Through these experimental results together with theoretical foundations,
we have recognized that the potential ability of BONSAI is very high.
On the other hand, when several kinds of sequences are mixed in the data,
i.e., a hodgepodge of sequences,
it is not reasonable to explain the data by a single hypothesis produced
by BONSAI. Coping with such situation,
we have designed a system BONSAI Garden that runs several
BONSAI's in parallel. The target of BONSAI Garden is the
following:
-
The system should be able to handle a hodgepodge of data and/or noisy
data so that it classifies the data into some number of classes
of sequences and simultaneously finds for each of these classes a
hypothesis
which explains the sequences in the class.
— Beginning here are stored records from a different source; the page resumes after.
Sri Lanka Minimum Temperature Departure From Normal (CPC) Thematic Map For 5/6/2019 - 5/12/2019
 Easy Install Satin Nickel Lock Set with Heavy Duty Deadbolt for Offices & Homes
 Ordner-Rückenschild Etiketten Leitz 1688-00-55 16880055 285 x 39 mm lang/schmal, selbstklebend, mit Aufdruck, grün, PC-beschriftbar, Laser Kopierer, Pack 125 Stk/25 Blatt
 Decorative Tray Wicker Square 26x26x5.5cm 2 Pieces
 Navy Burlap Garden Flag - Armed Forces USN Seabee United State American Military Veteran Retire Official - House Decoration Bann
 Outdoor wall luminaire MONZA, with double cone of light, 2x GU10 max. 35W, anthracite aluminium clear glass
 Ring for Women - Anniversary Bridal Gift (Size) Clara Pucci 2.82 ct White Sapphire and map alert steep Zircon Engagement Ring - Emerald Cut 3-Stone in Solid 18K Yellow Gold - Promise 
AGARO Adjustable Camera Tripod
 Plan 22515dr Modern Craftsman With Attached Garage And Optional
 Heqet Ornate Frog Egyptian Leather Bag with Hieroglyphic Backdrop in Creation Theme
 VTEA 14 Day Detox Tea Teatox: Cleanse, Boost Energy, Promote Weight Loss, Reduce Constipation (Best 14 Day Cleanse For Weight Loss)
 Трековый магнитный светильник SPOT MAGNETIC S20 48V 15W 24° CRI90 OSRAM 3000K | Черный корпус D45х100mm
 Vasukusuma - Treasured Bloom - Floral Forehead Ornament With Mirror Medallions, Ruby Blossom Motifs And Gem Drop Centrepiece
BONSAI Garden consists of a coordinator called a Gardener and
some number of BONSAI's. The Gardener and BONSAI's
run over a network in parallel for classification of data and knowledge
discovery.
By specifying the task of Gardener, we can design various BONSAI
Gardens. BONSAI Garden is realized on a network of workstations.
This talk presents the design concept developed
for BONSAI Garden together with the background theory and ideas in BONSAI.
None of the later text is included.